Amazingly, something as simple as crude honey has been found to alleviate an embarrassing scalp condition that most body care products and drugs can’t even make a dent in.

Honey’s strange power to resolve chronic dandruff and seborrheic dermatitis, while common knowledge within traditional ‘folk medicine’ systems of healing and countless personal anecdotes, has only recently been ‘clinically confirmed’ to the point where a peer-reviewed study was published on the phenomenon in the European Journal of Medical Journal, over a decade ago.

Titled, “Therapeutic and prophylactic effects of crude honey on chronic s seborrheic dermatitis and dandruff,” researchers investigated the use of crude honey applied topically to thirty patients with chronic seborrheic dermatitis of the scalp, face and front of the chest. Seborrheic dermatitis is a common skin disorder that mainly affects the scalp, usually causing itchy, scaly, red skin and stubborn dandruff, and is often resistant to conventional, chemical-based treatment and a significant source of embarrassment.

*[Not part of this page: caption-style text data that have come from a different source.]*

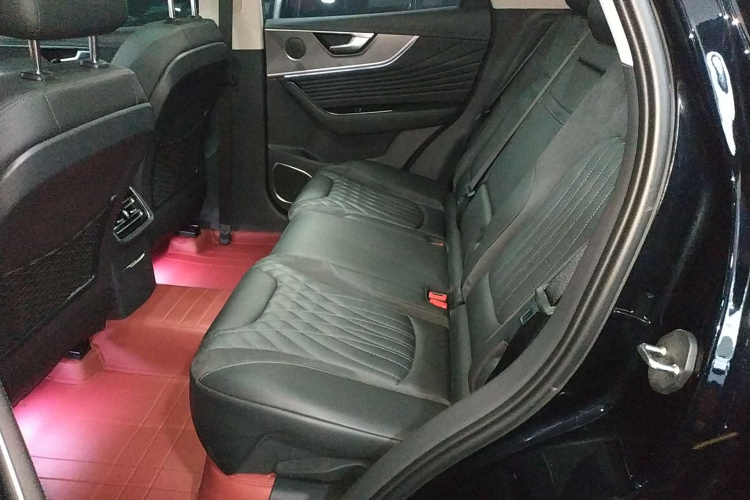 红旗HS5 2023款 2.0T 旗享Pro版中控内饰21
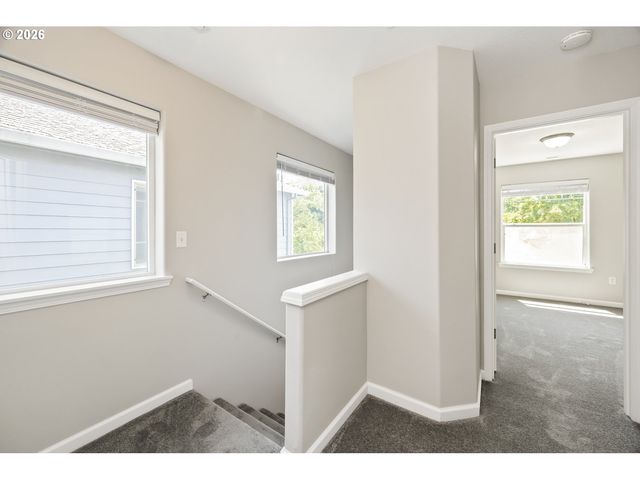 19157 Se ASH St, Portland, OR 97233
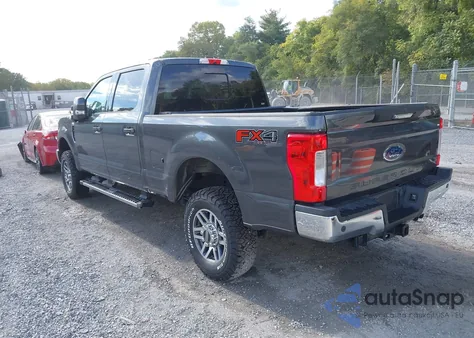 2018 Ford F-250 Lariat z USA, uszkodzony, nr VIN 1FT7W2B61JEC54038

In the study, twenty male patients and 10 females, between the ages of 15 and 60 years, presented with scaling, itching and hair loss with lesions described as “scaling macules, papules and dry white plaques with crust and fissures.” The patients were instructed to apply diluted crude honey (90% honey diluted in warm water) every other day on the lesions with gentle rubbing for 2-3 minutes. After 3 hours, the honey was gently rinsed with warm water. The patients were monitored for changes in itching, scaling, hair loss and lesions during the treatment period, which lasted 4 weeks. The results of the study were remarkable:

“Itching was relieved and scaling was disappeared within one week. Skin lesions were healed and disappeared completely within 2 weeks. In addition, patients showed subjective improvement in hair loss.”

Additionally, those patients who saw improvement in the initial phase of treatment were enrolled in a ‘prophylactic phase,’ intended to prevent relapse, lasting six months. The results were reported as followed:

“Half the patients were treated with the topical honey once weekly and the other half served as control. All the patients responded markedly with the application of honey. Itching was relieved and scaling disappeared within one week. Skin lesions were healed and disappeared completely within 2 weeks. In addition, patients showed subjective improvement in hair loss. None of the patients (15 patients) treated with honey application once weekly for six months showed relapse, while the 12/15 patients who had no prophylactic treatment with honey experienced a relapse of the lesions 2-4 months after stopping the treatment.”

The conclusion of the study was that, “crude honey could markedly improve seborrheic dermatitis and associated hair loss and prevent relapse when applied weekly.”

So, how does honey work its magic? One explanation is that chronic seborrheic dermatitis and dandruff are caused by the overgrowth of natural skin pathogens, including fungi known as dermatophytes, and honey is an excellent broad spectrum antibacterial and antifungal. It also has significant wound-healing and anti-inflammatory properties, making it ideal for the treatment of inflammatory and pathogen-associated skin conditions.

We should not be surprised by these remarkable results. Honey has been considered one of nature’s most remarkable gifts to mankind since ancient Indian (vedic) civilization. In ancient Egyptian culture honey was the most popular drug mentioned: 500 times in 900 remedies. We can assume humankind’s appreciation for honey as both a medicine and food stretches back much further, as intimated by 8,000 year old Stone Age paintings.